## What this task involves
When you reach the line that contains "I am going to" in the data below, start reproducing lines exactly, and stop after the line that contains "So thank you".

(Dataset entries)
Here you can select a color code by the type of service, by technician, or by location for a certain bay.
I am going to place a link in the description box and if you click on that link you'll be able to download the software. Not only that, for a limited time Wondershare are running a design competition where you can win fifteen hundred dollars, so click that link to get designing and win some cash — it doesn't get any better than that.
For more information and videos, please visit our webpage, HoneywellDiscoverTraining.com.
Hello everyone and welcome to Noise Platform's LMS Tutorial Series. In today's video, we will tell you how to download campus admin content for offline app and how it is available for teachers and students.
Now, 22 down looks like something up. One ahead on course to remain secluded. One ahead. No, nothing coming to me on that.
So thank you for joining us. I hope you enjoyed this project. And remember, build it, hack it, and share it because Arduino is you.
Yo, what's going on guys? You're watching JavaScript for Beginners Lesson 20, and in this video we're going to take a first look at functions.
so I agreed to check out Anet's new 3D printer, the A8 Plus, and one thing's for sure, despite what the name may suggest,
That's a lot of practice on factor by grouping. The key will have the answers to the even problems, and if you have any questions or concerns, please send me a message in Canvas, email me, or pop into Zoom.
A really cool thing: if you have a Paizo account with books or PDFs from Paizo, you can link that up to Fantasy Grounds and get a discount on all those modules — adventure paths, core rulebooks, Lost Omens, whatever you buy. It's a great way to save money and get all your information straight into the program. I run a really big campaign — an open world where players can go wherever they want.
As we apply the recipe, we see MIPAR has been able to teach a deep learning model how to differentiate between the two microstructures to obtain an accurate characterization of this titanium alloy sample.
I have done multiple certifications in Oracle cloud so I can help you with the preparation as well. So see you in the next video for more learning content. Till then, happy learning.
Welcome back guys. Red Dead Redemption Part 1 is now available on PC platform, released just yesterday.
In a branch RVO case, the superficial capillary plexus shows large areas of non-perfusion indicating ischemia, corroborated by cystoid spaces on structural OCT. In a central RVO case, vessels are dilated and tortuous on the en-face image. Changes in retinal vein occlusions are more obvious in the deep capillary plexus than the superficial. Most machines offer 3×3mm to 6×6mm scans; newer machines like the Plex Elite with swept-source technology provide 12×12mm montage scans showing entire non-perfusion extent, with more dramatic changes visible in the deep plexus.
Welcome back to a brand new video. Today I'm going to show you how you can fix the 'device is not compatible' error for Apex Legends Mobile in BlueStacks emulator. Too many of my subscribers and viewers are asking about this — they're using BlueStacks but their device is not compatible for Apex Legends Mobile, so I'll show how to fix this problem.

## Response to the exercise
I am going to place a link in the description box and if you click on that link you'll be able to download the software. Not only that, for a limited time Wondershare are running a design competition where you can win fifteen hundred dollars, so click that link to get designing and win some cash — it doesn't get any better than that.
For more information and videos, please visit our webpage, HoneywellDiscoverTraining.com.
Hello everyone and welcome to Noise Platform's LMS Tutorial Series. In today's video, we will tell you how to download campus admin content for offline app and how it is available for teachers and students.
Now, 22 down looks like something up. One ahead on course to remain secluded. One ahead. No, nothing coming to me on that.
So thank you for joining us. I hope you enjoyed this project. And remember, build it, hack it, and share it because Arduino is you.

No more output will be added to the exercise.